2010-08-27

unsigned and size_t are hard.

This is a computer language story. So you are not interested in that, I recommend to go to next.

C++ has a type 'unsigned' X, e.g., 'unsigned int.' For example, a minus index of an array usually doesn't make sense, therefore this type is used for that. This type is good for bit array storage, but using an unsigned int instead of an int to gain one more bit is almost never a good idea. (*) Especially combination with implicit conversion makes this hard. I think this unsigned number is not intuitive when the computation result is minus, it still stays a positive number.

For example, unsigned int -1 is usually equal to 4294967295 on 32bit machine.  This is depends on how an integer number is represented in a computer. Even one who knows this internal representation wrote a code on 32bit environment, sometimes it doesn't work on a 64bit machine.
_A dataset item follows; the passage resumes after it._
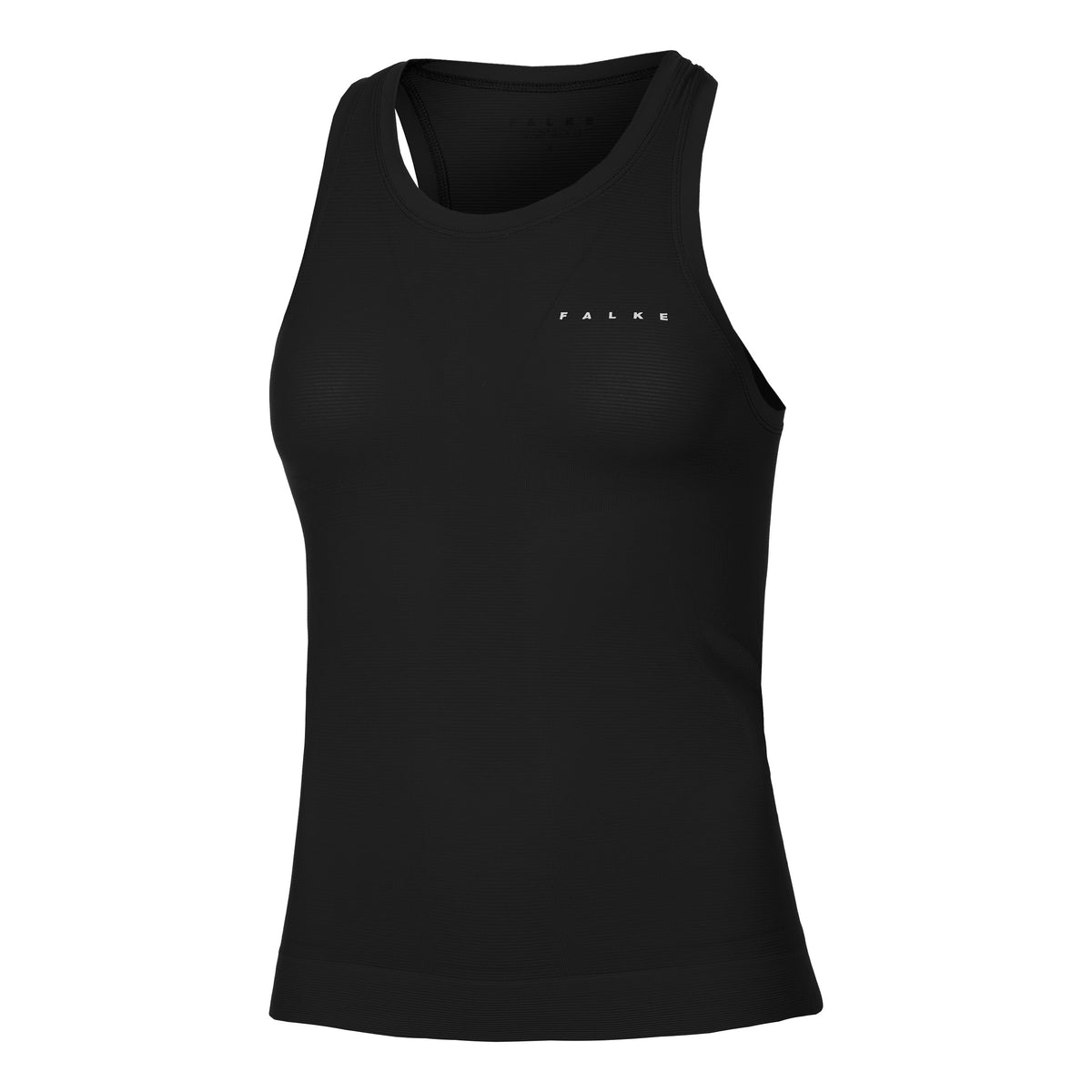Falke Ultralight Cool Maillot De Corps Femmes-Noir,Noir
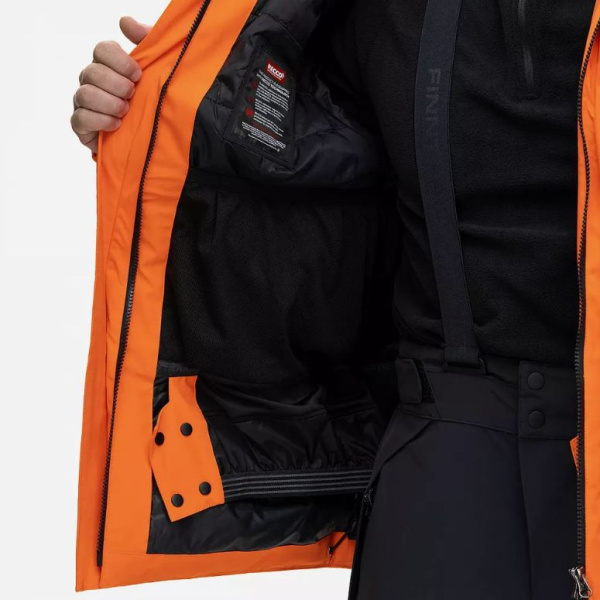 Finntrail Куртка мужская утепленная Aspen 3462 Orange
For example, he/she assumes size_t and unsigned int are the same type, and uses -1 as an illegal value.

The following code usually doesn't work on a 64bit machine, but works on a 32bit machine.
---
#include <iostream>
#include <vector>

void foo(std::vector< int > & vec, size_t idx){
    if(idx == size_t(-1)){
        std::cout << "Illegal index" << std::endl;
        return;
    }
    std::cout << "OK! accessing a vector with idx = " << idx << std::endl;
    // vec[idx] = ...
}

int main()
{
    std::vector< int > vec;
    unsigned int idx = -1;      // illegal index
    foo(vec, idx);

    unsigned int uint_minus_1(-1);
    size_t   size_t_minus_1(-1);
    size_t   size_t_casted = static_cast< size_t >(uint_minus_1);

    std::cout << "(unsigned int)(-1)  = " << uint_minus_1   << std::endl;
    std::cout << "size_t(-1)          = " << size_t_minus_1 << std::endl;
    std::cout << "size_t(-1) (casted) = " << size_t_casted  << std::endl;
}
---
The result is as following. 
---
nvlp[16]bash % ./unsigned_fail
OK! accessing a vector with idx = 4294967295
(unsigned int)(-1)  = 4294967295
size_t(-1)          = 18446744073709551615
size_t(-1) (casted) = 4294967295
---

First of all, assign -1 to unsigned type is a problem. Also, implicit conversion makes invisible the problem. In C++ language, -1 has a different value according to the type. I think this is very difficult. Recent compiles might tell us this as a warning. I watch this warning since this is a potential error. One of my friend told me, "unsigned is evil." I also try to avoid unsigned type.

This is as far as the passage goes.